Les enquêtes pour les faits en ligne sont en effet très complexes. Et si seulement quatre profils ont été “retenus”, c’est qu’il est difficile d’identifier tous ceux qui profitent très bien de l’anonymat d’Internet. Plusieurs facteurs expliquent ce “coup de filet” réduit : d’abord le manque de moyens technologique et humain investis dans les enquêtes. “J’ai dû amener une clé USB à la police mais j’avais un fichier Drive qui se mettait à jour quotidiennement”, explique Ultia.

C’est aussi la responsabilité des plateformes qui est pointée du doigt. Twitch, où s’est déroulée une bonne partie du cyberharcèlement, se repose principalement sur la modération bénévole de ses membres et quelques jours plus tôt, Ultia nous faisait part de la difficile coopération de la plateforme d’Amazon avec les forces de l’ordre. Tout autant de facteurs qui expliquent le faible nombre de prévenus mais également les nombreux classements sans suite dans ces affaires de cyberharcèlement.

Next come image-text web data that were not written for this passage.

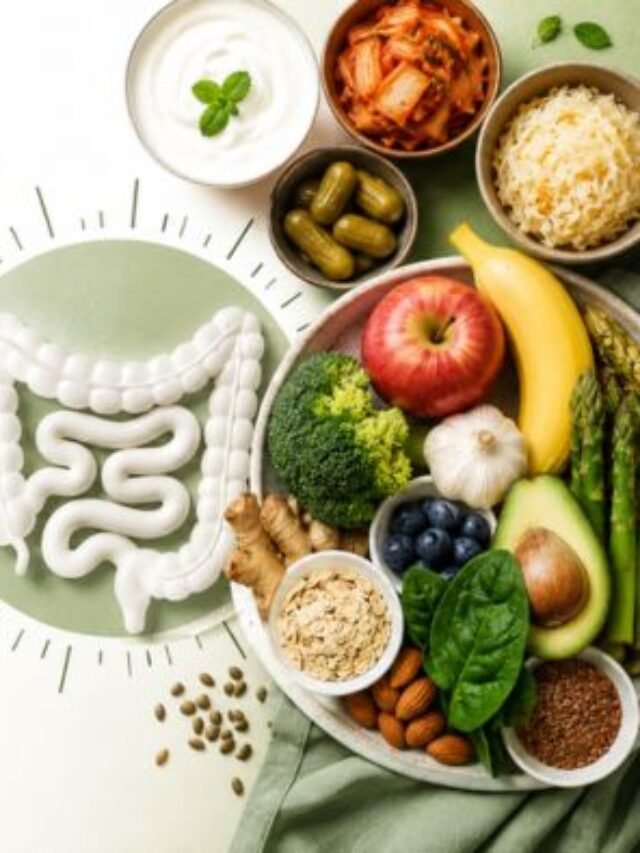 Best Foods for Gut Health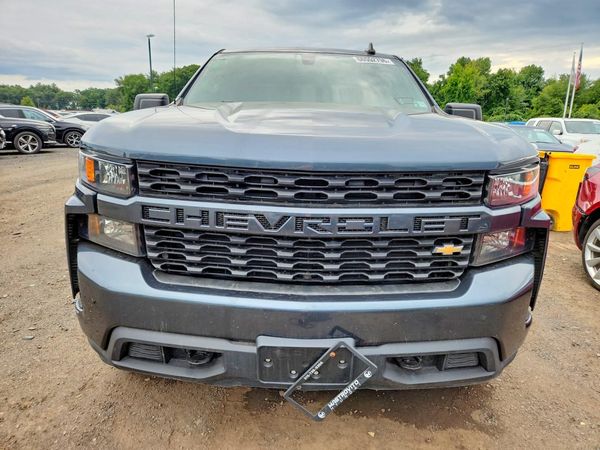 2020 CHEVROLET SILVERADO Custom — DIRF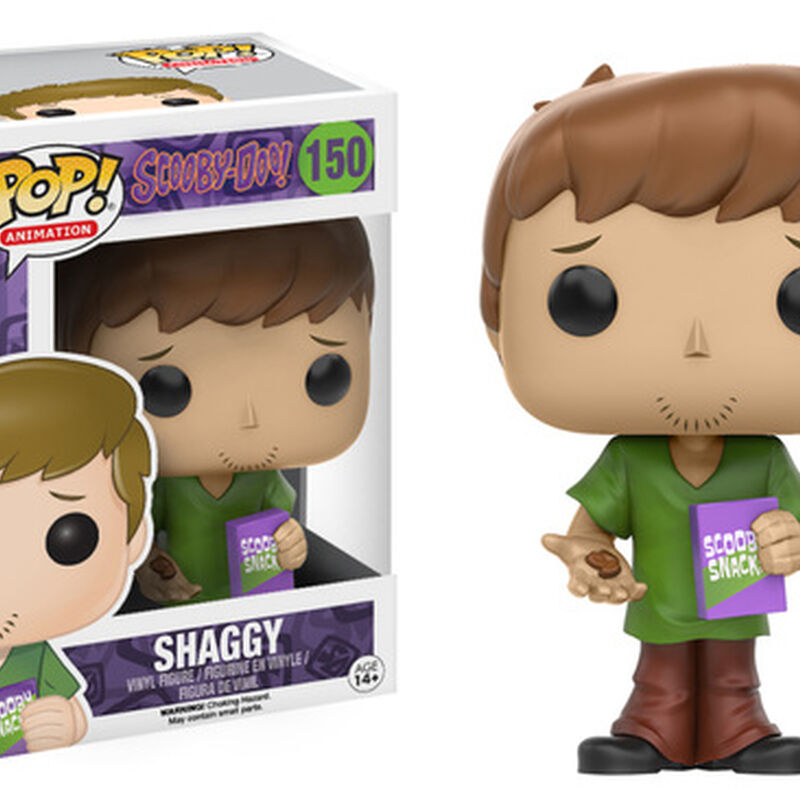 Pop! Shaggy Rogers, , hi-res view 1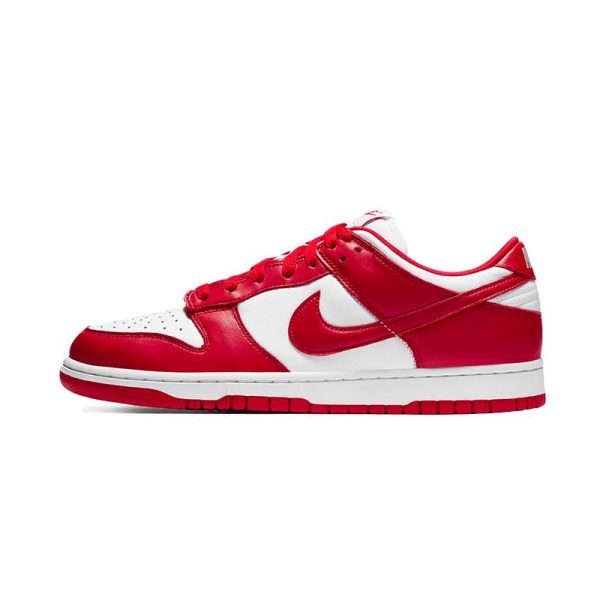 Nike Dunk Low- University Red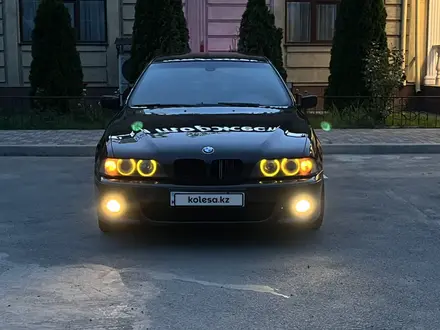 BMW 530 2002 года за 5 000 000 тг. в Алматы – фото 19
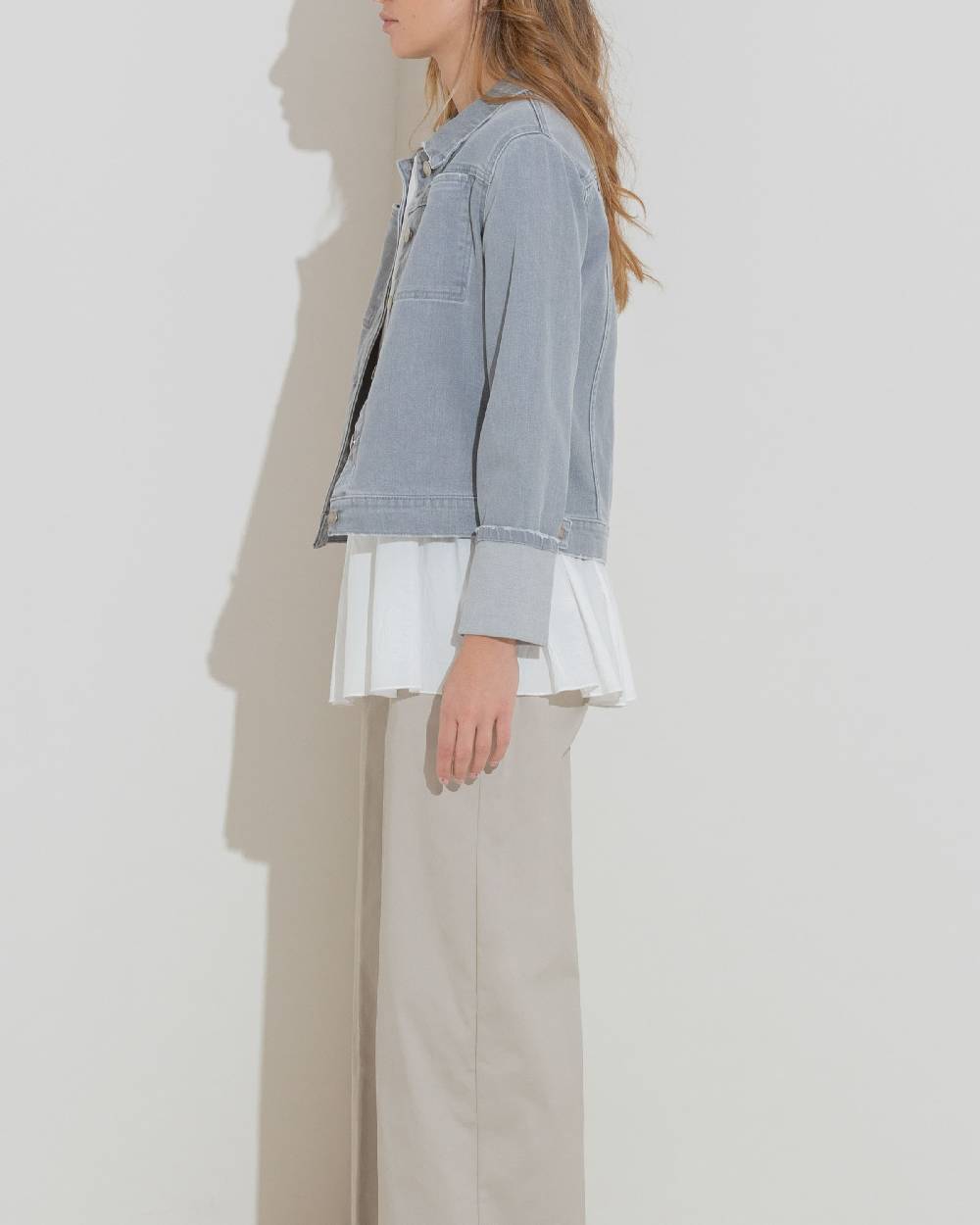 Rialto 48 GIACCA IN DENIM Promozione Limitata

Ultia aura attendu presque deux ans d’enquête, subissant pendant de nombreuses années (et encore aujourd’hui) un harcèlement aussi virulent que constant. Au-delà de son épuisement général, la streameuse souhaite que son cas fasse jurisprudence :

“J’aimerais qu’à la hauteur de ce que j’ai subi, cela serve pour toutes les femmes et pour toutes les collègues qui n’ont pas pu arriver jusqu’ici.”

Le verdict sera prononcé le 12 février 2025.